YOGYAKARTA, Suara Muhammadiyah— Sejenak Ambon menjadi pusat konsentrasi warga Muhammadiyah. Sidang Tanwir Muhammadiyah akan digelar pada 24-26 Februari bertempat di Ambon. Membaca data sejarah Muhammadiyah Ambon selama ini memang masih simpang siur. Sebuah data sejarah yang belum banyak diungkap memberikan informasi menarik terkait tokoh perintis Muhammadiyah di Ambon yang berasal dari etnis China-Muslim.
Firma Abdullah Lie adalah sebuah perusahaan pelayaran yang melayani pengiriman logistik di jalur Ambon-Manokwari pada tahun 1930-an. Firma ini tercatat milik Haji Mohammad Abu Kasim, seorang Muslim dari keturunan etnis China. Pada tahun 1932, Haji Misbach yang sedang dalam pengasingan di Manokwari melakukan korespondensi dengan direktur Firma Abdullah Lie. Korespondensi antara Misbach dengan Mohammad Abu Kasim dalam rangka pemesanan kebutuhan logistik selama dalam pengasingan. Dari intensitas korespondensi tersebut muncullah gagasan merintis gerakan Muhammadiyah di Ambon.

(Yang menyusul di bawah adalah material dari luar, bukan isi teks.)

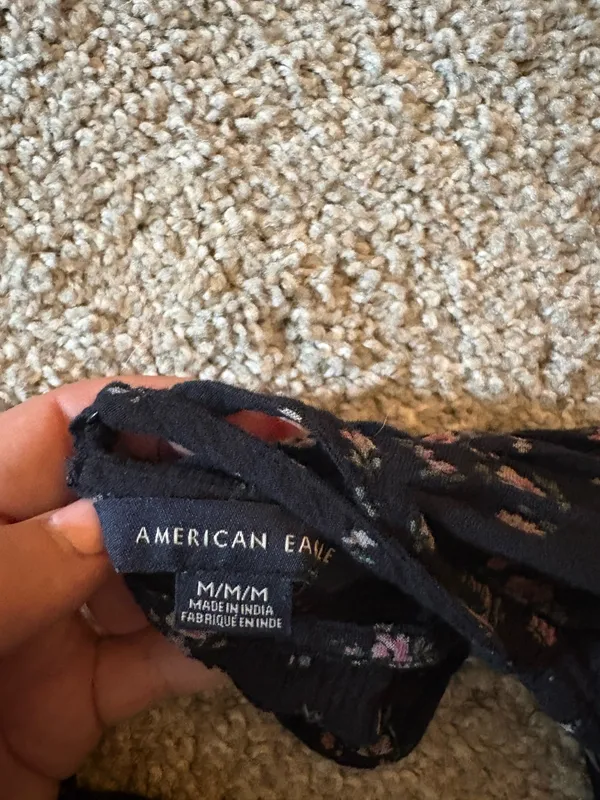 American Eagle Romper Floral - Image 4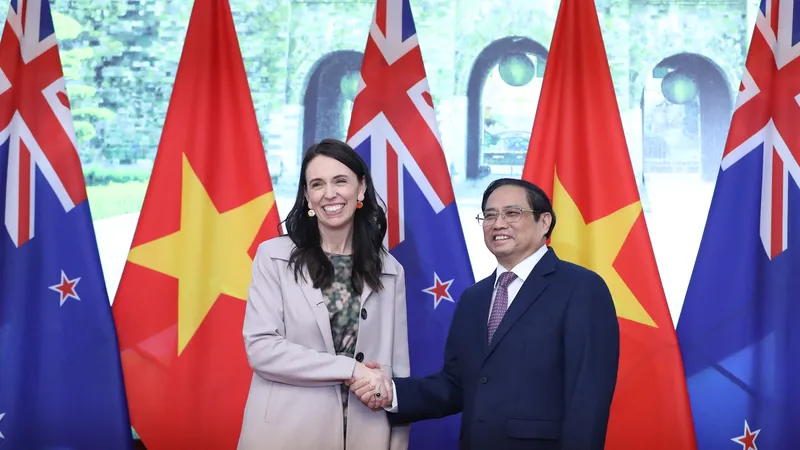 Thủ tướng Phạm Minh Chính chủ trì lễ đón chính thức Thủ tướng New Zealand Jacinda Ardern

Demikianlah sumber terpercaya sejarah Muhammadiyah Ambon sebagaimana yang ditulis oleh M. Amin Ely, “Muhammadiyah Maluku: Hasil Penyemaian Kyai Misbach”, Suara Muhammadiyah no. 20 Th. Ke-61/1981). Amin Ely mendapat sumber lisan dari Haji Ismail Abu Kasim yang tidak lain adalah putra dari Haji Mohammad Abu Kasim, pemilik Firma Abdullah Lie. Haji Ismail Abu Kasim sendiri adalah seorang lulusan MULO dan HIK Muhammadiyah di Solo dan Yogyakarta (1936-1941). Haji Ismail inilah yang menuturkan bagaimana proses berdirinya Muhammadiyah di Ambon yang sebenarnya atas inisiatif dari Haji Misbach, tokoh pergerakan nasional ternama berasal dari Solo.
Siapakah Haji Misbach? Tidak lain dialah sahabat karib Haji Fachrodin, murid ideologis KH Ahmad Dahlan, pendiri Muhammadiyah. Misbach dikenal dengan julukan “Haji Merah.” Tokoh revolusioner pendiri perkumpulan Sidiq Amanah Tablig Vathonah (SATV) ini beberapa kali terlibat dalam aksi-aksi melawan pemerintah kolonial Belanda. Pada tahun 1932, Haji Merah ini telah dalam pengasingan di Manokwari. Selama di Manokwari, Misbach melakukan korespondensi dengan Haji Abu Kasim untuk memesan barang-barang kebutuhan selama di pengasingan. Dari korespondensi antara Haji Misbach dengan Haji Abu Kasim inilah terjalin kesamaan visi tentang upaya mendirikan Muhammadiyah di Ambon.
Haji Mohammad Abu Kasim berhasil meyakinkan kawannya yang bernama Auw Yong Koan, seorang Muslim keturunan China pula. Kemudian ada Abdurrahman Didin, seorang perawat di rumah sakit militer di Ambon. Akhirnya, pada sekitar tahun 1930-an, gagasan untuk mendirikan Muhammadiyah di Ambon berhasil terwujud. Haji Muhammad Abu Kasim, Auw Yong Koan, dan Abdurrahman Didin adalah tokoh-tokoh perintis yang sekaligus menjadi pengurus pertama Muhammadiyah di Ambon.
Pada tahun 1933, Haji Abdul Malik Karim Amrullah atau lebih dikenal dengan sebutan Hamka yang pada waktu itu dalam posisi sebagai Konsul Muhamamdiyah Sulawesi Selatan berkunjung ke Ambon. Kunjungan ini (tourne) dalam rangka meredam gejolak di kalangan ulama-ulama tradisional di Ambon yang menghambat gerakan dakwah Muhammadiyah. Kedatangan Hamka berhasil meredam gejolak dan berhasil mencairkan suasana sehingga gerakan Muhammadiyah kembali lancar. Hamka disambut pengurus Kepanduan Hizbul Wathan di Ambon yang pada waktu itu digerakkan oleh pemuda-pemuda pemberani seperti R. Saprawi, Haji Abdul Kadir Kimkoa, Saleh Kastor, Abdul Kadir Afifuddin, Mohammad Ely, Ahmad Sukur, dan lain-lain (Abu Aksa).